» **To do**:
Every line of the material is to be transcribed verbatim, with images omitted.

* * * * * * *

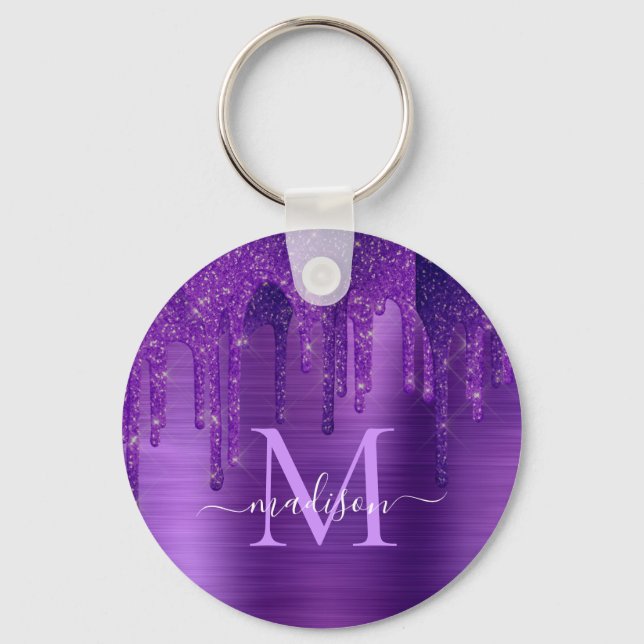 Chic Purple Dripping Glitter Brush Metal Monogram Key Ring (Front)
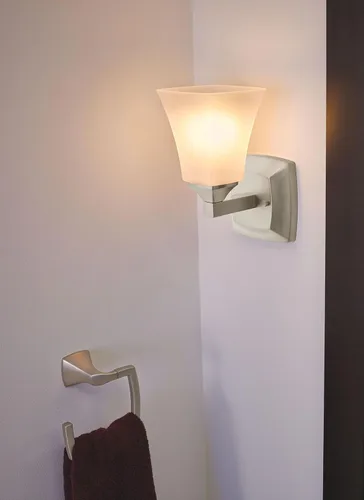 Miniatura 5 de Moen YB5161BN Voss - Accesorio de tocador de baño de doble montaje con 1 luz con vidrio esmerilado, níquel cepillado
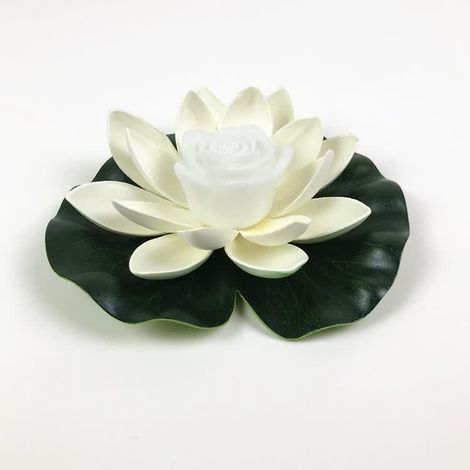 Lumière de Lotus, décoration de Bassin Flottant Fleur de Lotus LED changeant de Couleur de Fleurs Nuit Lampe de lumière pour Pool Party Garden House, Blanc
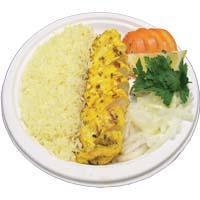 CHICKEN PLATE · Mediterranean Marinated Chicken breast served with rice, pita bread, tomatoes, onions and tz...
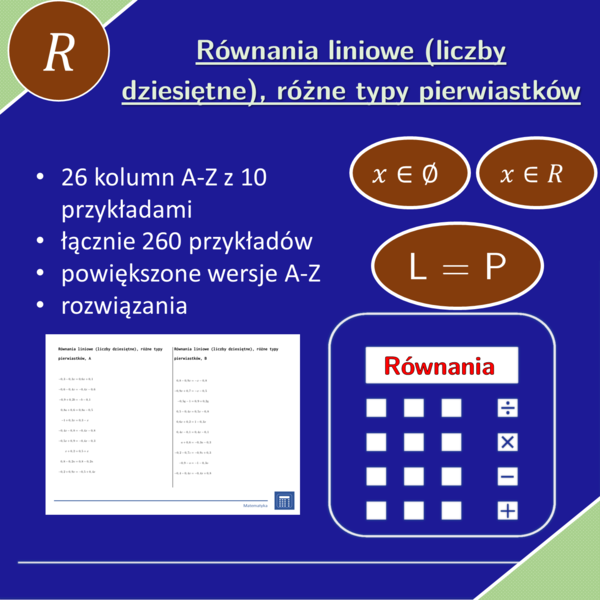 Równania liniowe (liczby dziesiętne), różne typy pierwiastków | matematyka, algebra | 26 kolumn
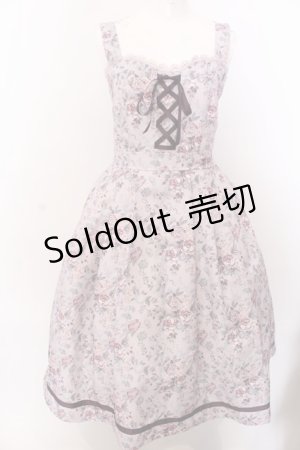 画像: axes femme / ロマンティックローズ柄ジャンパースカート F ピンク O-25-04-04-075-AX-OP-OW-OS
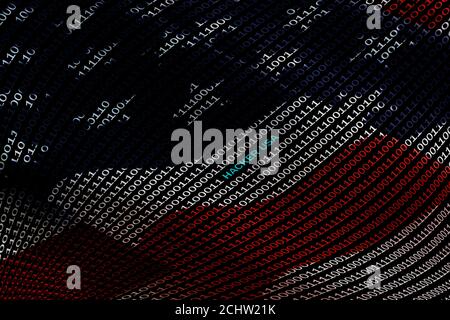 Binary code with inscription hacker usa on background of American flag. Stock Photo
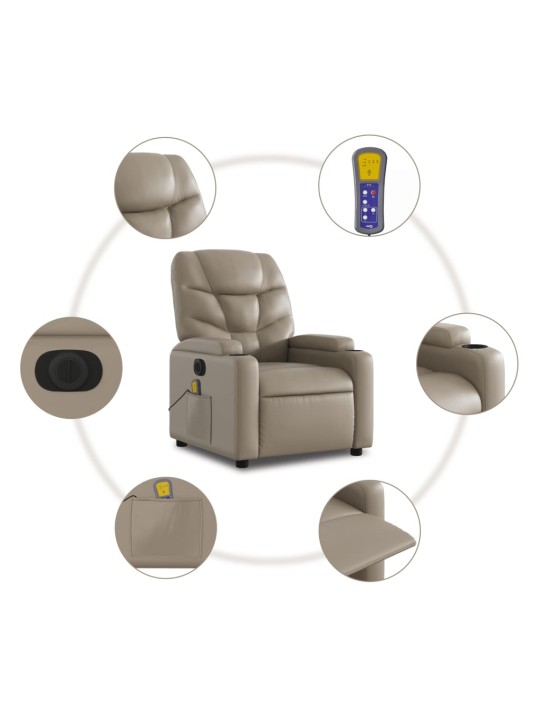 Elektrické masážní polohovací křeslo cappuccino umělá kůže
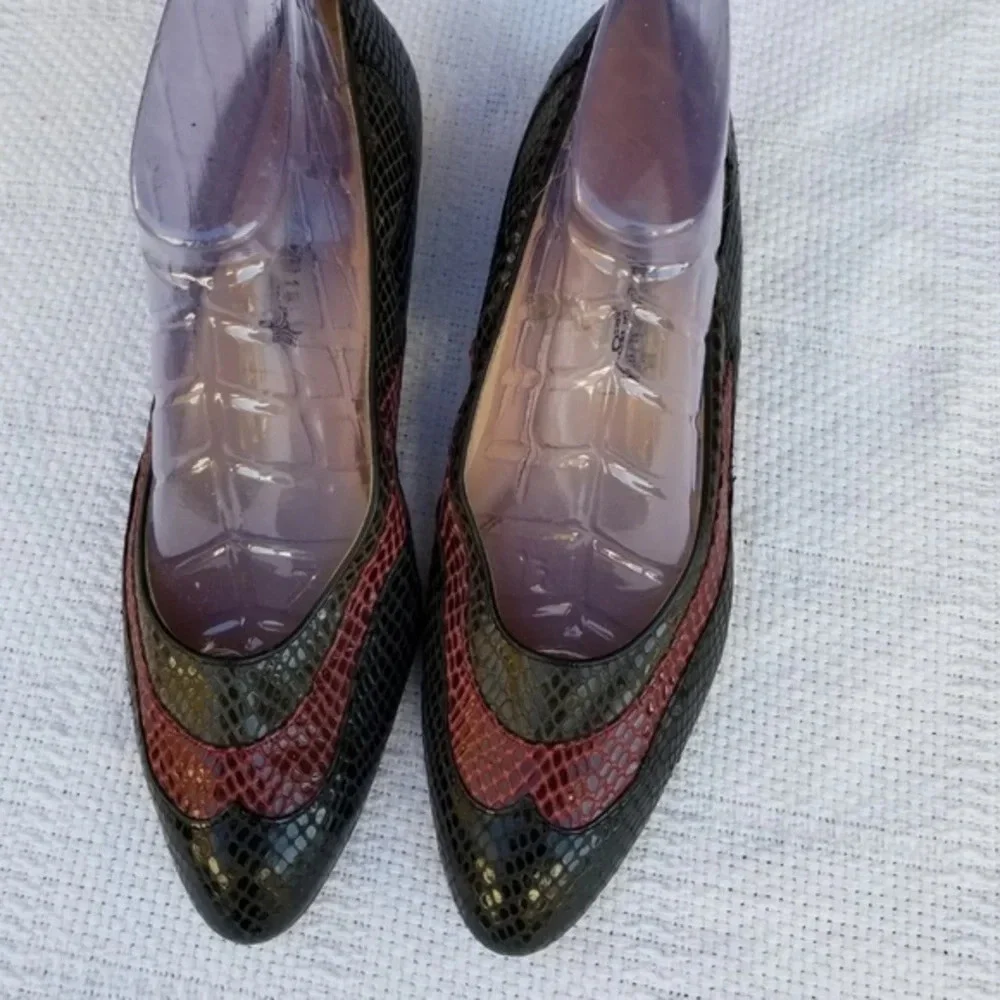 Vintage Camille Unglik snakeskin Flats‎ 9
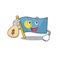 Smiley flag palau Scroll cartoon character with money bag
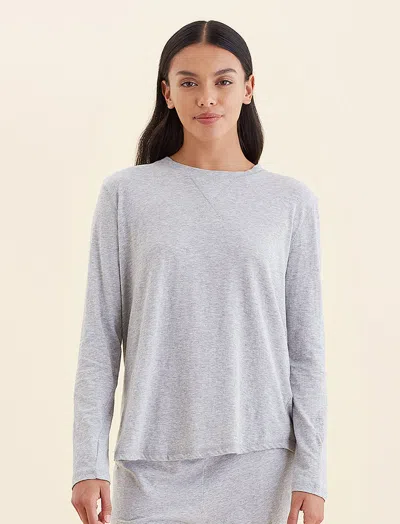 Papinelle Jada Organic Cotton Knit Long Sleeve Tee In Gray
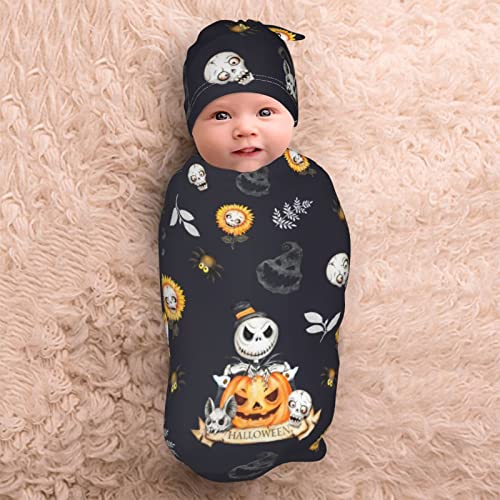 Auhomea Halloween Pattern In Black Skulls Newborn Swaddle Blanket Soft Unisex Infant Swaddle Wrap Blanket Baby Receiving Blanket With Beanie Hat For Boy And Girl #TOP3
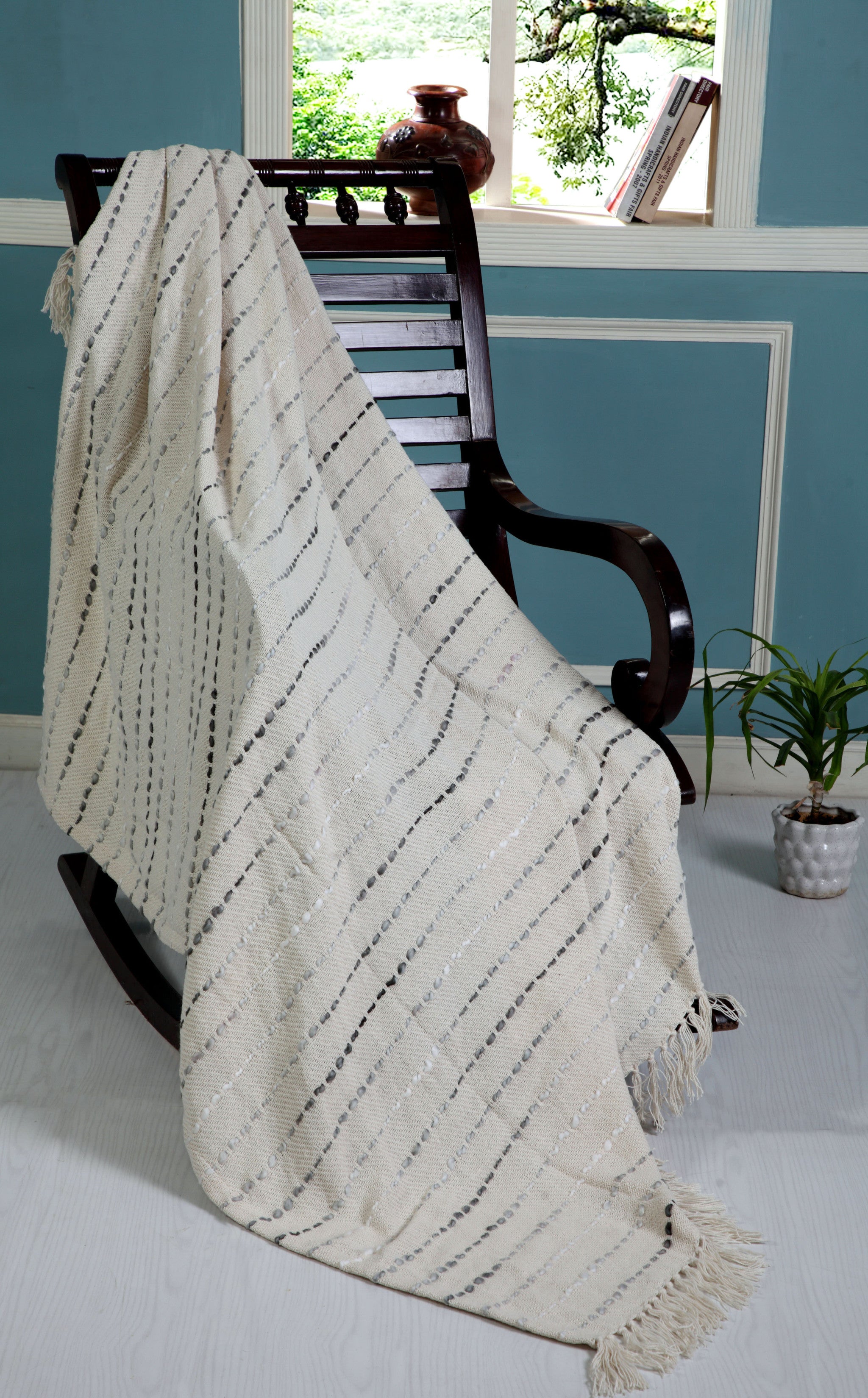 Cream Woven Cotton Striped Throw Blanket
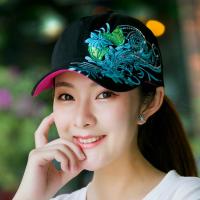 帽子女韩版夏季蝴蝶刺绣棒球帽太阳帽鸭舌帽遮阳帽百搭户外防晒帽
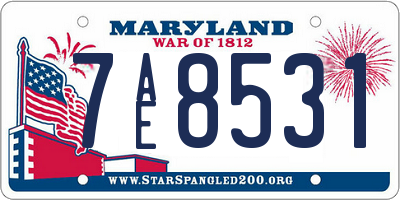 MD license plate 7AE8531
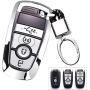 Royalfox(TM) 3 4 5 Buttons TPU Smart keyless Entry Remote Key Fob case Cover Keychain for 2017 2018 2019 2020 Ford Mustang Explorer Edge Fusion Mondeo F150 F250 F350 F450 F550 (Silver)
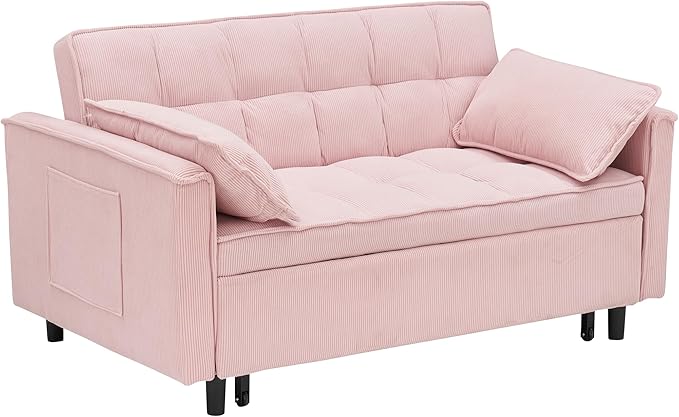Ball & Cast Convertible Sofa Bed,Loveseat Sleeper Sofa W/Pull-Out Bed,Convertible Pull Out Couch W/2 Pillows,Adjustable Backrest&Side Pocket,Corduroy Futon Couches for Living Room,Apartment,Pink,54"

* * * * * * *

» **Worked solution**:
 Chic Purple Dripping Glitter Brush Metal Monogram Key Ring (Front)
 Miniatura 5 de Moen YB5161BN Voss - Accesorio de tocador de baño de doble montaje con 1 luz con vidrio esmerilado, níquel cepillado
 Lumière de Lotus, décoration de Bassin Flottant Fleur de Lotus LED changeant de Couleur de Fleurs Nuit Lampe de lumière pour Pool Party Garden House, Blanc
 CHICKEN PLATE · Mediterranean Marinated Chicken breast served with rice, pita bread, tomatoes, onions and tz...
 Równania liniowe (liczby dziesiętne), różne typy pierwiastków | matematyka, algebra | 26 kolumn
 画像: axes femme / ロマンティックローズ柄ジャンパースカート F ピンク O-25-04-04-075-AX-OP-OW-OS
 Binary code with inscription hacker usa on background of American flag. Stock Photo
 Elektrické masážní polohovací křeslo cappuccino umělá kůže
 Vintage Camille Unglik snakeskin Flats‎ 9
 Smiley flag palau Scroll cartoon character with money bag
 Papinelle Jada Organic Cotton Knit Long Sleeve Tee In Gray
 Auhomea Halloween Pattern In Black Skulls Newborn Swaddle Blanket Soft Unisex Infant Swaddle Wrap Blanket Baby Receiving Blanket With Beanie Hat For Boy And Girl #TOP3
 Cream Woven Cotton Striped Throw Blanket
 帽子女韩版夏季蝴蝶刺绣棒球帽太阳帽鸭舌帽遮阳帽百搭户外防晒帽
 MD license plate 7AE8531
 Royalfox(TM) 3 4 5 Buttons TPU Smart keyless Entry Remote Key Fob case Cover Keychain for 2017 2018 2019 2020 Ford Mustang Explorer Edge Fusion Mondeo F150 F250 F350 F450 F550 (Silver)
Ball & Cast Convertible Sofa Bed,Loveseat Sleeper Sofa W/Pull-Out Bed,Convertible Pull Out Couch W/2 Pillows,Adjustable Backrest&Side Pocket,Corduroy Futon Couches for Living Room,Apartment,Pink,54"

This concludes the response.